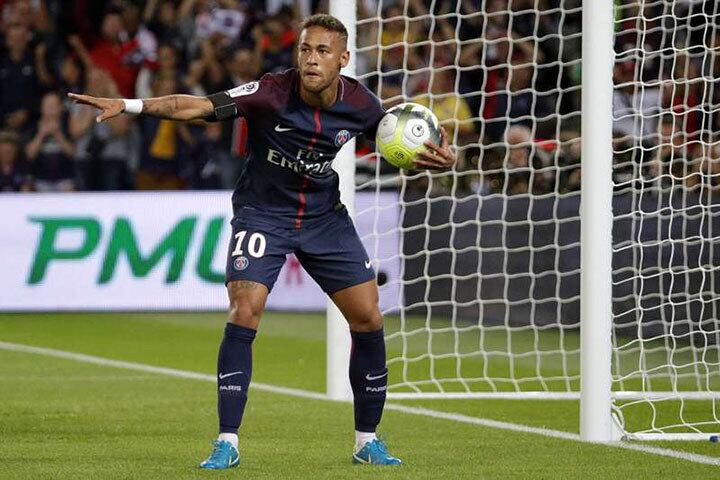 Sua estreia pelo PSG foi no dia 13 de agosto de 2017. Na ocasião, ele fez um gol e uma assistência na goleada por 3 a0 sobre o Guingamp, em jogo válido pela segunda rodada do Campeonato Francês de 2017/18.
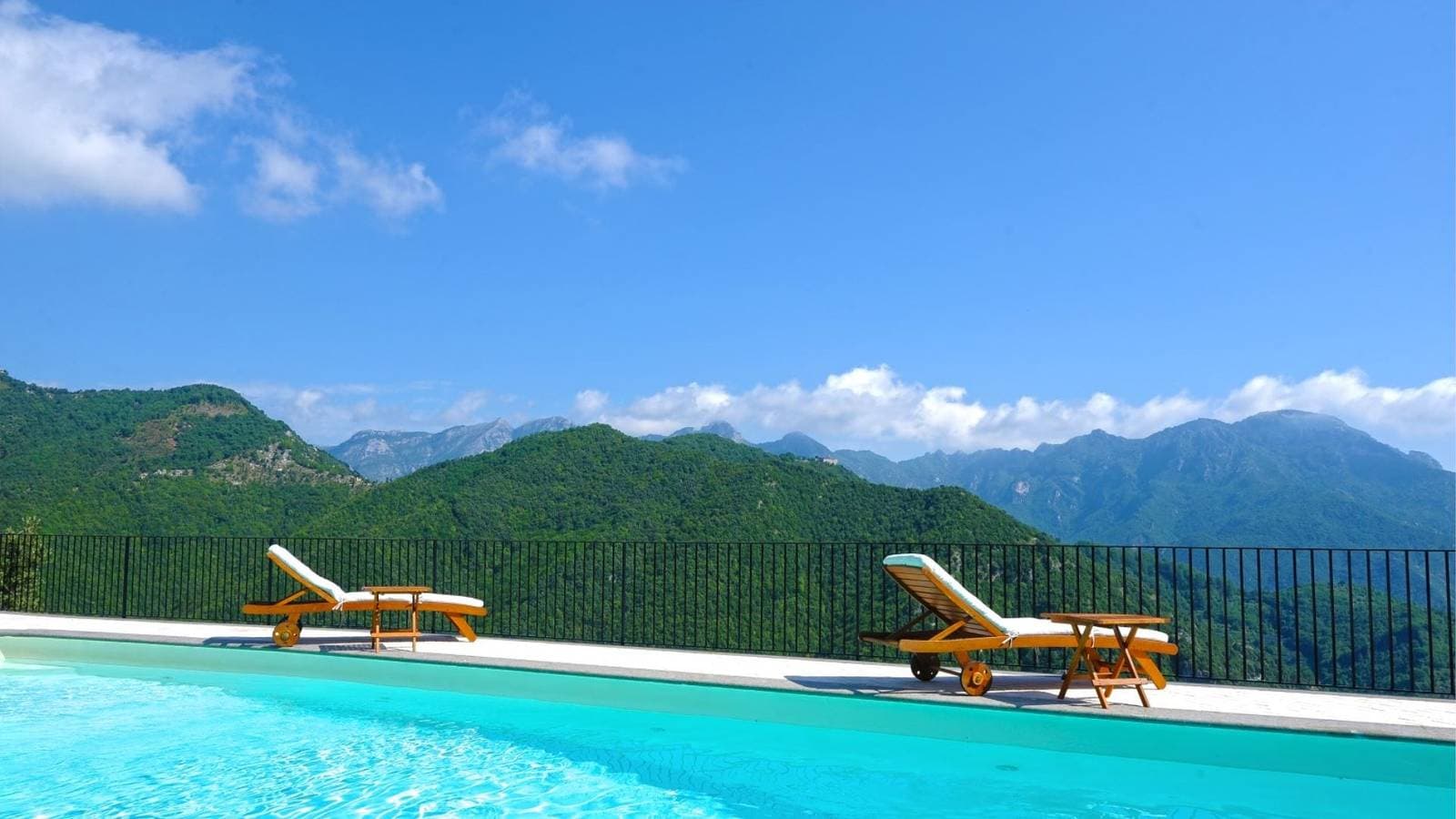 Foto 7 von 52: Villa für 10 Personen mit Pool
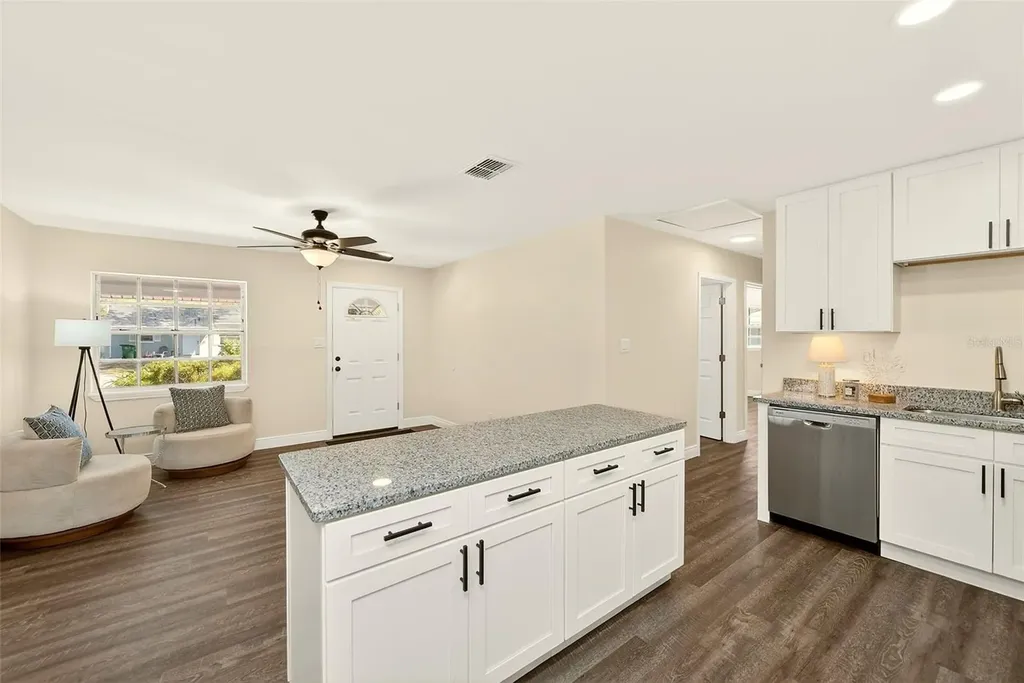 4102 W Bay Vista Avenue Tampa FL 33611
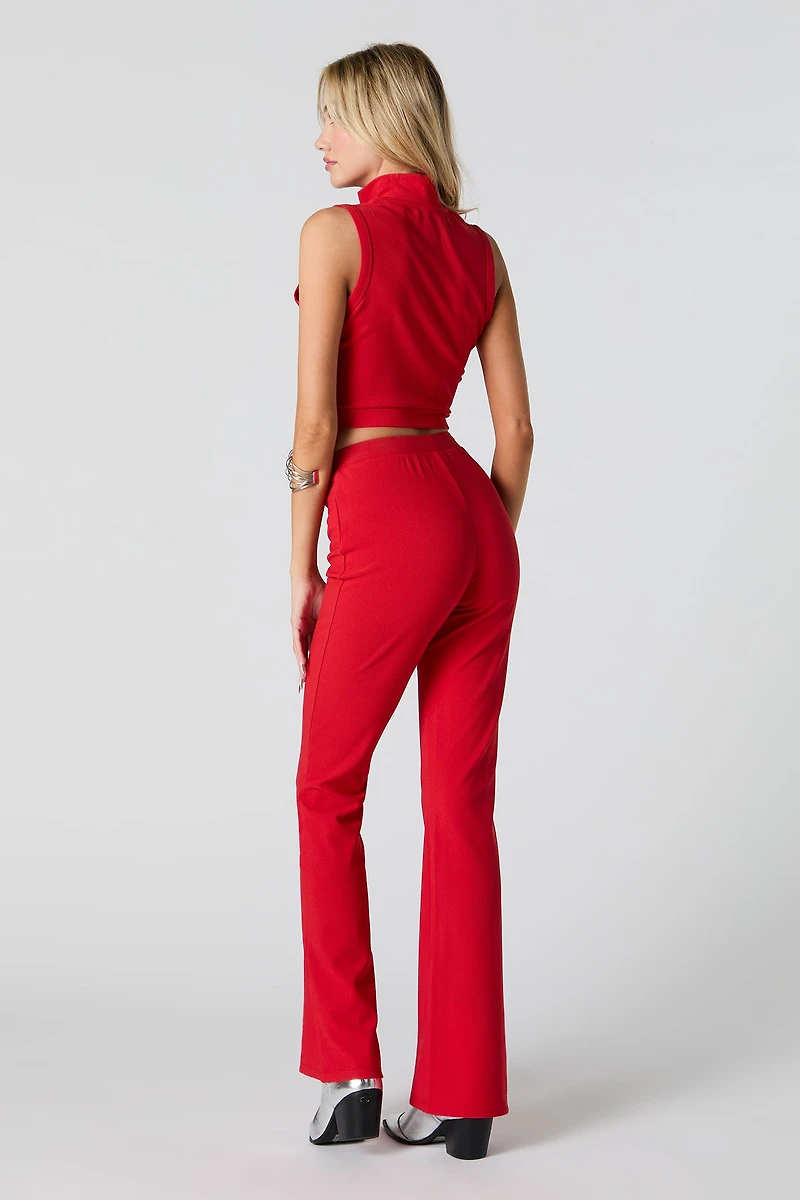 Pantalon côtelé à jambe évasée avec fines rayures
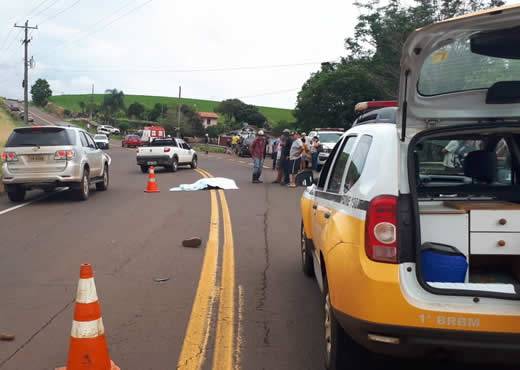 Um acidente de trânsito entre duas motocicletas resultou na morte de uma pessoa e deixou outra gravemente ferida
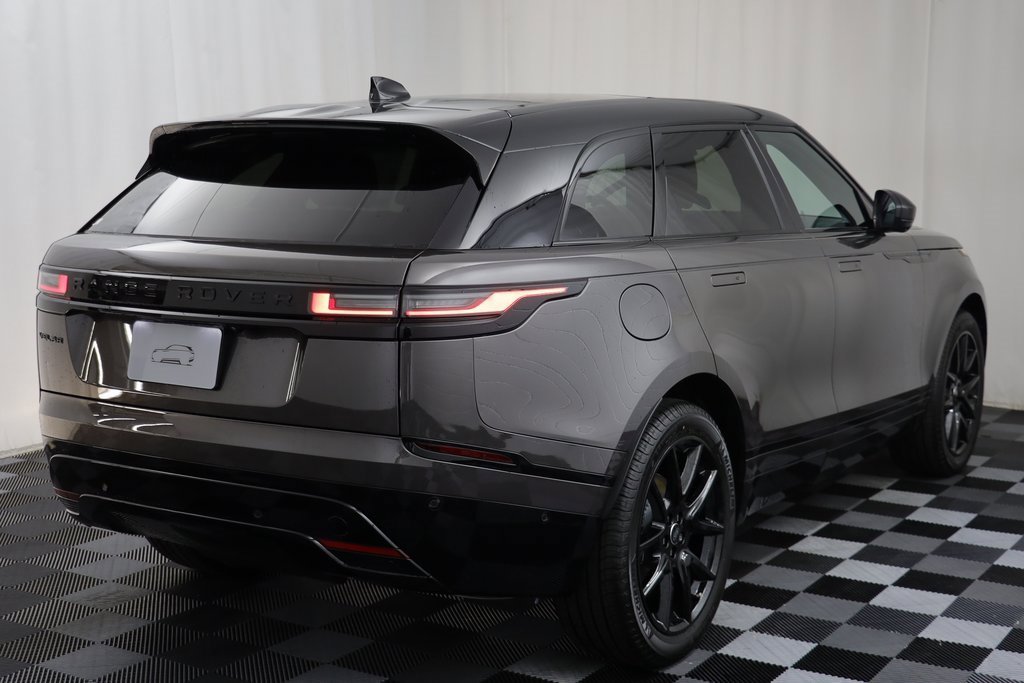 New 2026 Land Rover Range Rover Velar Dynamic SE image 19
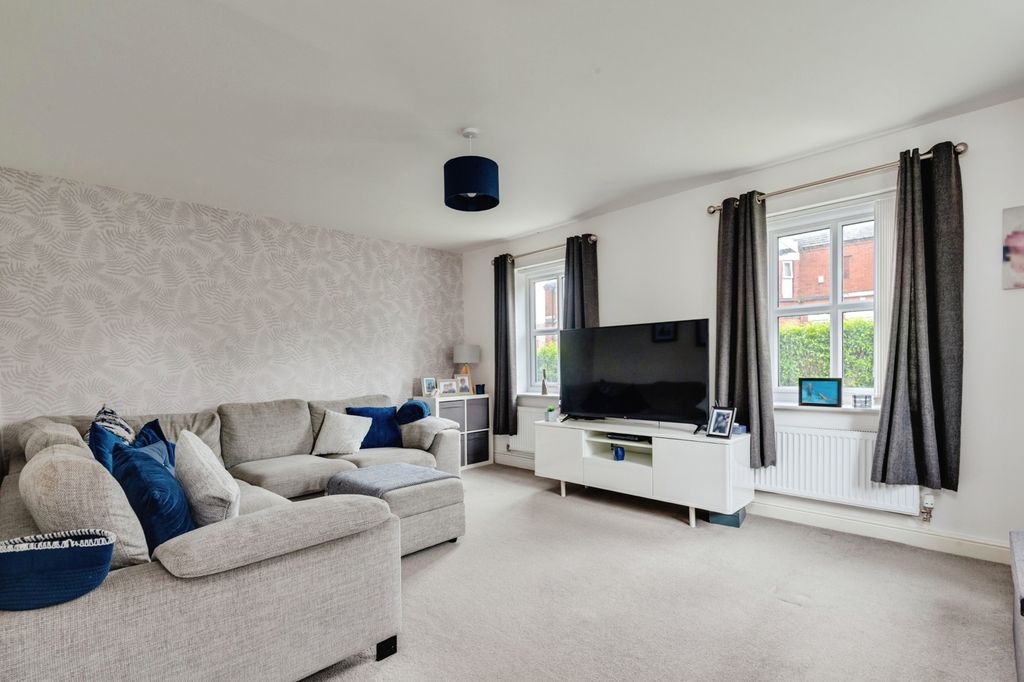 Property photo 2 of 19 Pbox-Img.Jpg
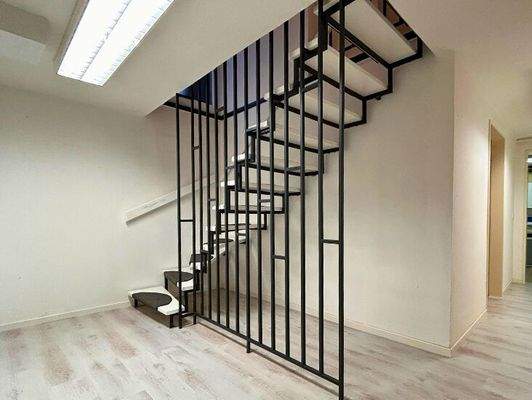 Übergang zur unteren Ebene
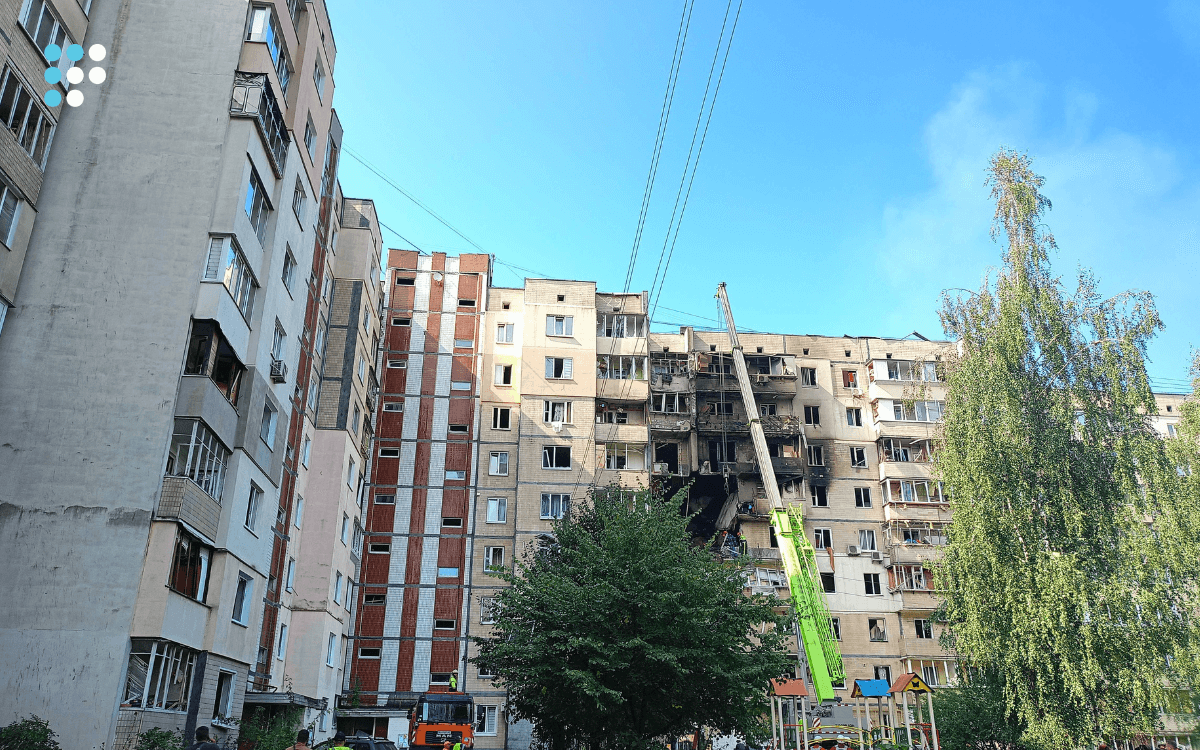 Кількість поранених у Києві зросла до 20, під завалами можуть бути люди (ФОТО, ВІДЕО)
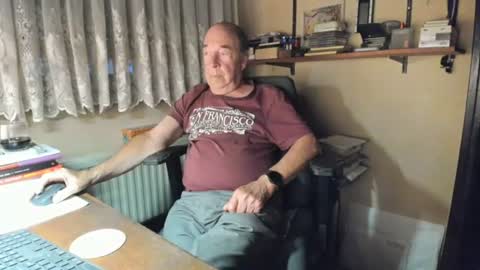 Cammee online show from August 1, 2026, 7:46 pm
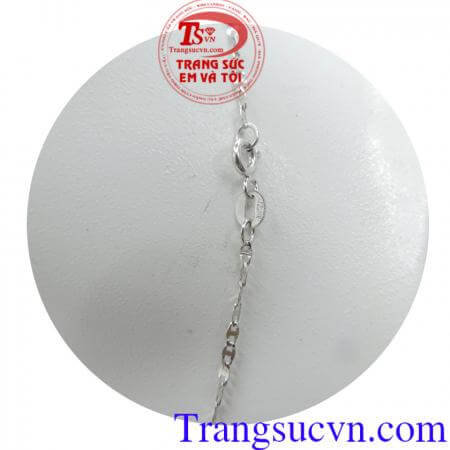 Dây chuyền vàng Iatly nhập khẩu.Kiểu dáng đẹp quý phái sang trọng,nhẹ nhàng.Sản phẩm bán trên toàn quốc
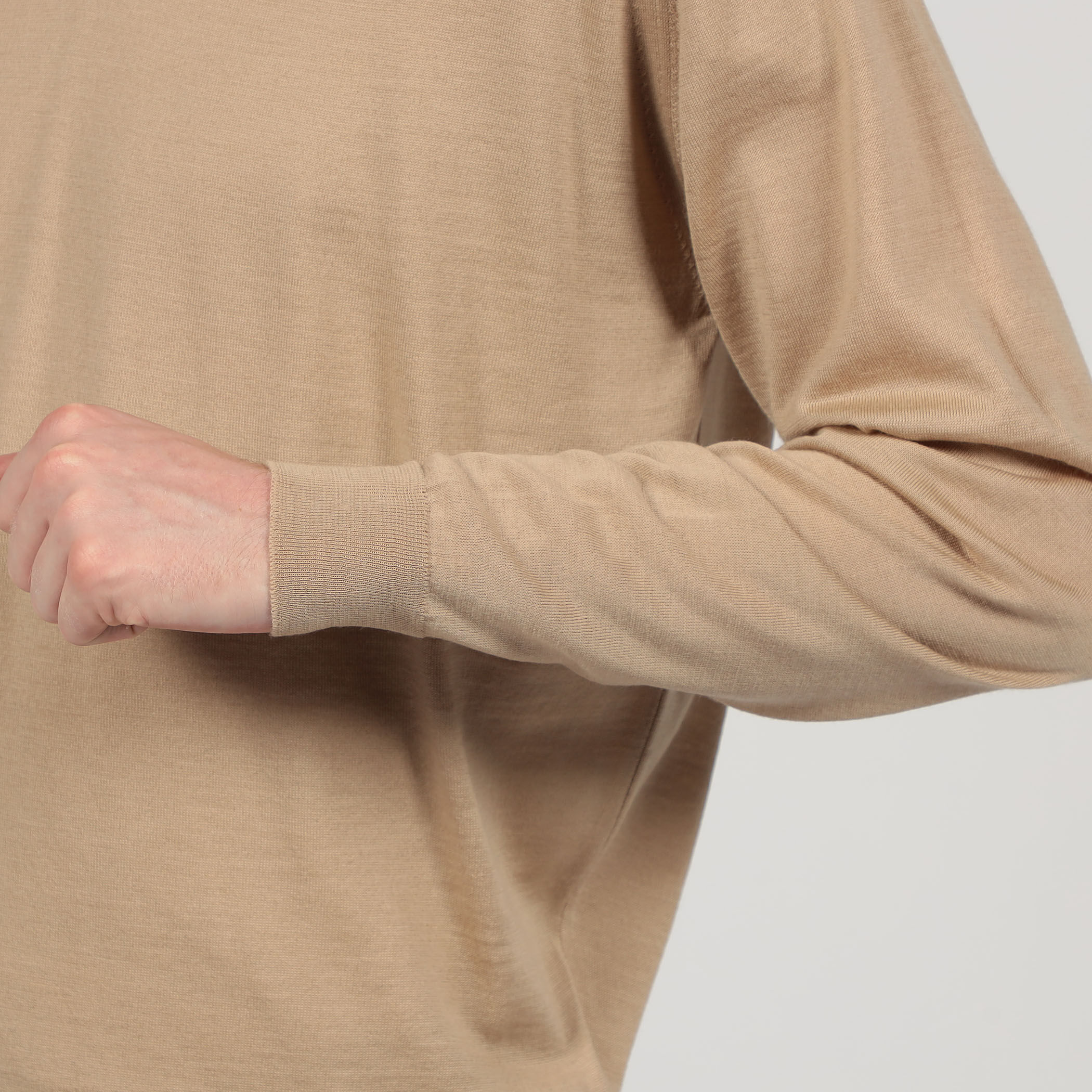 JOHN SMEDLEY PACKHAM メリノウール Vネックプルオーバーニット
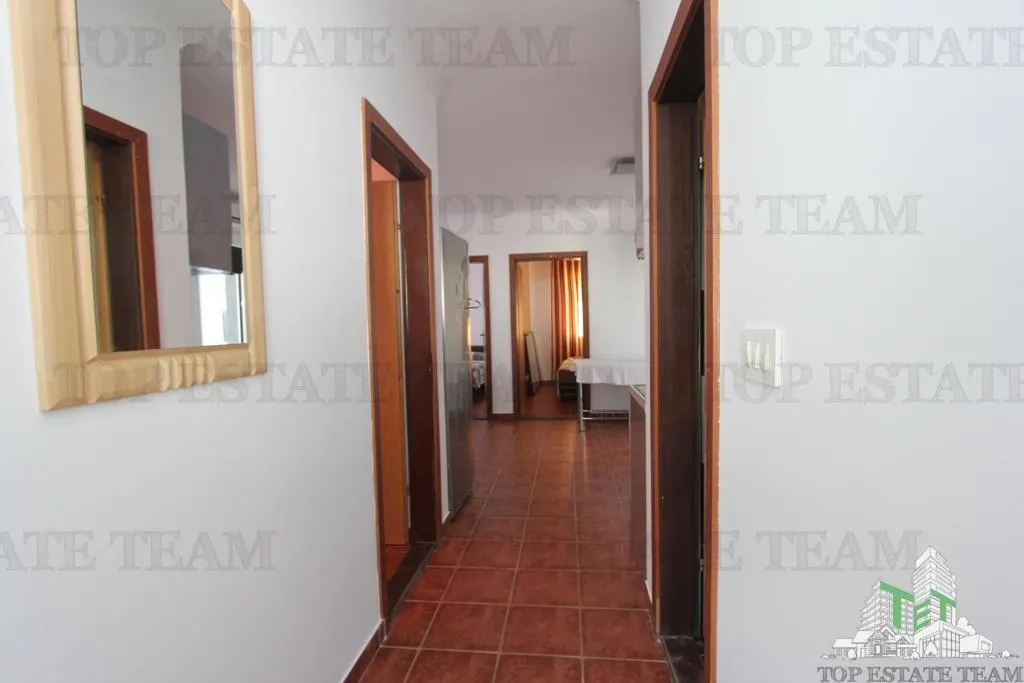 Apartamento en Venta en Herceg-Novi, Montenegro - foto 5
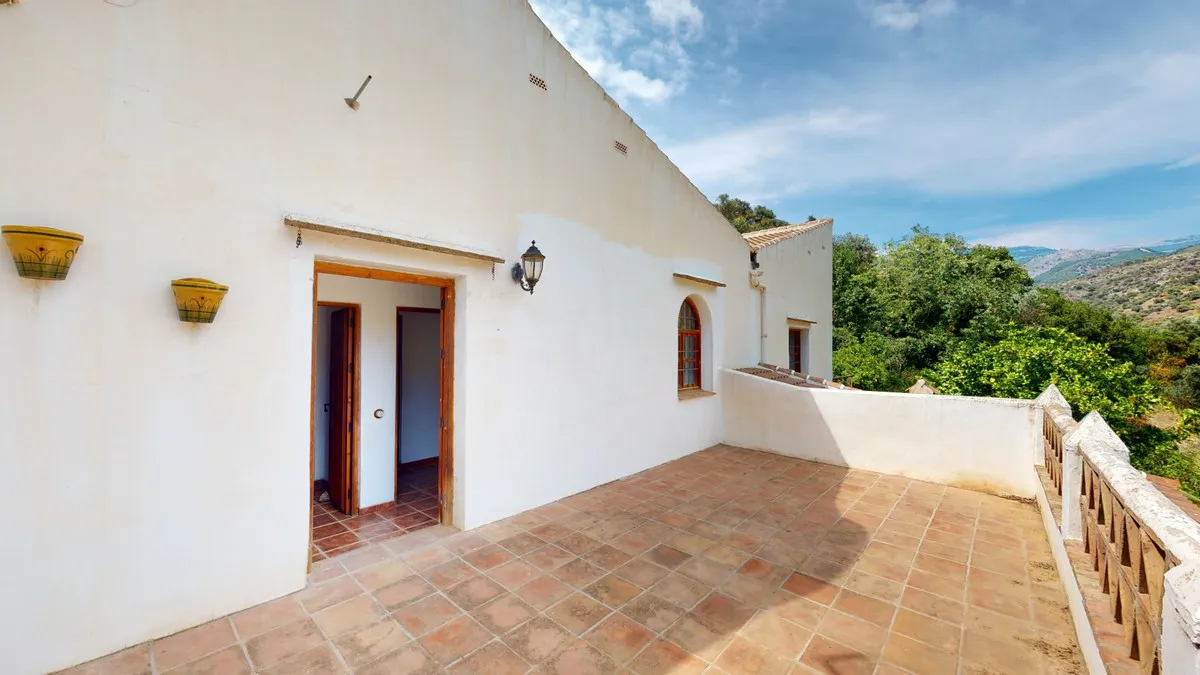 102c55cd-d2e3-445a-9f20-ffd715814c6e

# # # #

- _What is being asked_:
Begin at the line containing "Um acidente de" and restate exactly every line through the end of the material, skipping the pictures.

- _Result of this task_:
 Um acidente de trânsito entre duas motocicletas resultou na morte de uma pessoa e deixou outra gravemente ferida
 New 2026 Land Rover Range Rover Velar Dynamic SE image 19
 Property photo 2 of 19 Pbox-Img.Jpg
 Übergang zur unteren Ebene
 Кількість поранених у Києві зросла до 20, під завалами можуть бути люди (ФОТО, ВІДЕО)
 Cammee online show from August 1, 2026, 7:46 pm
 Dây chuyền vàng Iatly nhập khẩu.Kiểu dáng đẹp quý phái sang trọng,nhẹ nhàng.Sản phẩm bán trên toàn quốc
 JOHN SMEDLEY PACKHAM メリノウール Vネックプルオーバーニット
 Apartamento en Venta en Herceg-Novi, Montenegro - foto 5
 102c55cd-d2e3-445a-9f20-ffd715814c6e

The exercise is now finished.